━━ GIVEN INFORMATION ━━

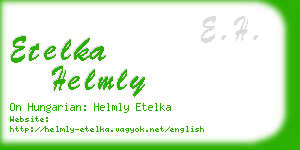 etelka helmly business card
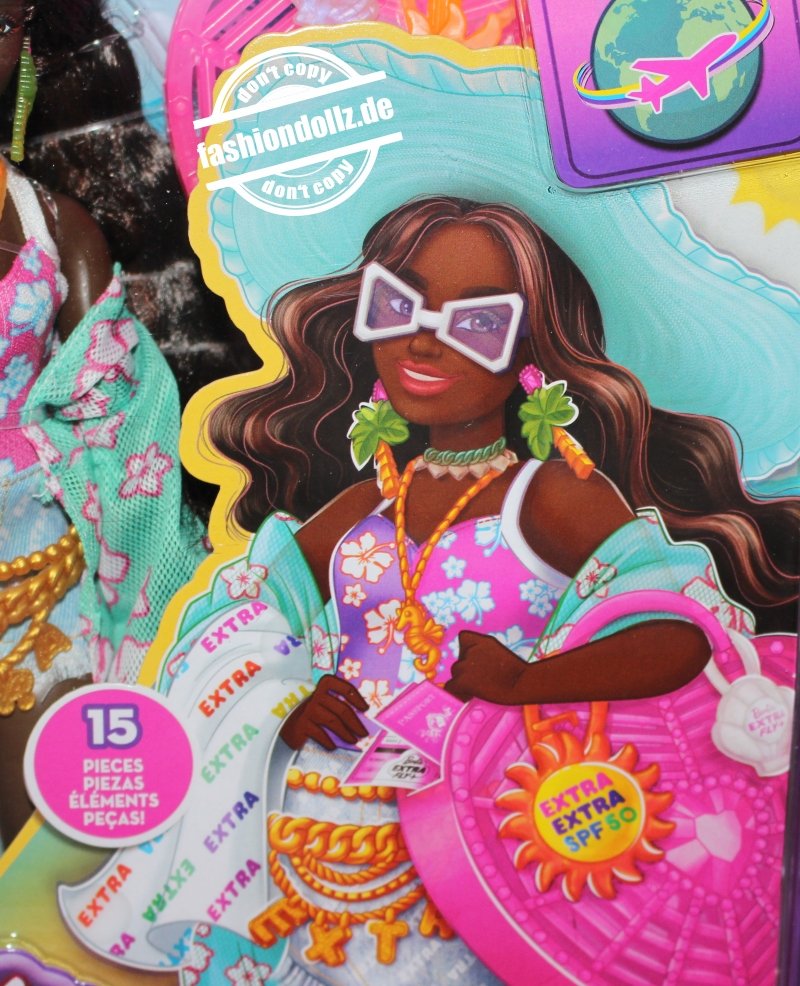 2023 Barbie EXTRA FLY Beach #HPB14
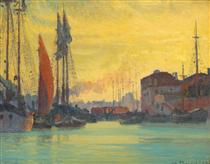 Sunset Over Chioggia - Stefan Popescu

━━━

— TASK TO CARRY OUT —
Make an exact copy of the data above, pictures excluded.

— SOLUTION —
 etelka helmly business card
 2023 Barbie EXTRA FLY Beach #HPB14
 Sunset Over Chioggia - Stefan Popescu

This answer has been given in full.